Press "Enter" to skip to content

Strangely Quiet Wadhams Makes Puzzling Move from Team Rounds to SDGOP

Last updated on 2014.07.12

I expected more from Dick Wadhams. But the slumping Rove wannabe who returned to the scene of his star-making 2004 crime to work for Mike Rounds made nary a ping on our political radar until last week, when the South Dakota Republican Party announced that Wadhams was leaving Team Rounds to consult for the state party on all of its candidates' campaigns.

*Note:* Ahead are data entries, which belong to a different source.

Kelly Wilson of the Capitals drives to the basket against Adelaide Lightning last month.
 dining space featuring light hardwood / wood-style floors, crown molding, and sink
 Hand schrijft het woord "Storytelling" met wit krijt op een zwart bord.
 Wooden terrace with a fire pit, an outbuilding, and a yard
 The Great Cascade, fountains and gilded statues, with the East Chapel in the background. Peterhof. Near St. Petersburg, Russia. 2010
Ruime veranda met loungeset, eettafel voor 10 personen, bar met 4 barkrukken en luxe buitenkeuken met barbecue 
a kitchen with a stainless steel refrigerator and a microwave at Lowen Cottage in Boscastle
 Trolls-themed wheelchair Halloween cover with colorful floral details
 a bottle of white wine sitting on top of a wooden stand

If Wadhams did anything to earn the $3,500 a month that Rounds was paying him, we didn't hear about it. Rounds marched easily to primary victory amid four opponents who could not muster the money or organization necessary to beat the frontrunner. Mr. Kallis sees Wadhams's services as equally "superfluous" to good GOP fortunes across the ticket in November and puzzles over the SDGOP's motives in transferring Wadhams to their wing:

Are the Republicans so flush with cash that they feel the need to spend some just for the sake of spending? Perhaps Wadhams is demanding a sinecure because he believes he was not properly rewarded in 2004 and the Republicans are obliging him. Neither rationale, however, seems to be one a fiscally conservative party would consider.

Perhaps party leaders are worried about some scandal coming to the fore, but Rounds, the person most likely to be harmed by known imbroglios, is in a four-way race and doesn't need to worry about capturing 50%. Is this an effort to marginalize the party's right wing? Wadhams history with the tea party is complicated to say the least [Leo Kallis, "Wadhams Hire Prompts Curiosity," The Displaced Plainsman, 2014.06.30].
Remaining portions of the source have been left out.